I remembered the story of the Cretan Giorghi, sharpening his chisel to rid himself of the addiction that was destroying him and, just for a moment, the priest’s words made some kind of sense. But it was only for a moment. When I remembered what Lucy was actually like, they made no sense at all.

‘But you didn’t know Lucy! She wasn’t evil! She wasn’t out to harm anyone! Good God, she used to sit up all night reading your Christian Bible!’

The priest was startled by this, and there was a slight waver of uncertainty in his voice when he spoke again.

‘Well… no doubt the devil also studies the Bible.’

Then his voice became firmer as he felt the authority of his ancient church swinging back behind him.

‘Such machines are an abomination,’ he insisted. ‘Your real sin was to involve yourself with the thing in the first place and to listen to it when its mechanical voice made claims to being alive.’

The little musty room seemed suddenly stifling and I turned angrily to face the priest.

‘You’re not listening to me! You’re actually just like an Illyrian atheist. You look at the appearance and not at what’s inside!’

I pushed past him to the door of the little room. The main church was like a beehive, brown and warm and dim, full of wax and honey and fat dark softly buzzing bodies. Kneeling in front of dripping candles, plump old women in black turned to see what the noise was about.

The priest hurried after me.

‘My son…’ he said, very kindly and gently, laying his hand on my arm.

He seemed really troubled. (Who knows? Perhaps he really had visited the ASPUs in Illyria and his own sins were weighing heavily on him.)

But I pulled angrily away.

The street was so bright that it hurt my eyes.

57

I got a taxi to take me up to the north of the island. Again it seemed at the time like an almost random act, yet I knew exactly where I was going. The taxi took me high up the slopes of the great massif of Pantocrator that towers over the whole island. When the track got so rough that the driver wasn’t prepared to go any further, I paid him to wait for me and continued on foot up to the peak.

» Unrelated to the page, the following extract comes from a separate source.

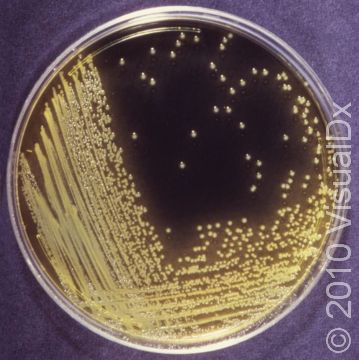 A bacterial culture plate tests positive for the bacterium Vibrio cholerae, the cause of cholera.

You could see the whole length of the island from up there, and across the straits far into the mainland. But I looked north. There in the distance I could see the little towers of Illyria City rising up between barren mountains and blue sea, with the silvery Beacon, like a pawn from a chess set, floating on the water, mysterious and playful – and as alien to everything around me as a starship from the Andromeda galaxy.

I couldn’t go back there. The police and O3 would have put everything together by now: the stolen syntec, the money withdrawn from the bank accounts, the Holist League membership… And the AHS would have marked me as a dangerous deserter.

But I wanted to look, and remind myself that it was real, and that up there people were still living out their ordinary lives: the VR arcades bleeping and humming along the esplanade, the subway trains hissing into Main Station, the headlines rolling by outside the News Building, the security robots watching the streets with their sad, blank eyes…

Only a few months had gone by after all.

I turned away from the City and looked around at the rest of the huge panorama stretched out beneath me: the sea, the sky, the human settlements scattered like handfuls of dice.

Somewhere up the coast there, just out of sight, was the little cove of Aghios Constantinos where I used to go with Ruth when I was a child, the place where we’d once found a tortoise.

I was looking out at all this, but I wasn’t a part of it. It seemed to me that I had lost all possibility of ever feeling part of it again.

I remember two Illyrian fighters came darting noiselessly overhead, Deltas, with the cold Eye of Illyria in their bellies glaring down at me accusingly, as fierce and as harsh as the eyes of Archbishop Christophilos glaring out on the impoverished towns and villages of the Peloponnese.

There is no soul, the jets seemed to say,

Only the measurable is real…

Then they jumped sideways and were streaking away in another direction over the mountains of the mainland.

When I got back to the town I went to the Post Office and tried to make a telephone call. I had it in my mind to speak to Marija, but when I got through to her number a strange male voice answered.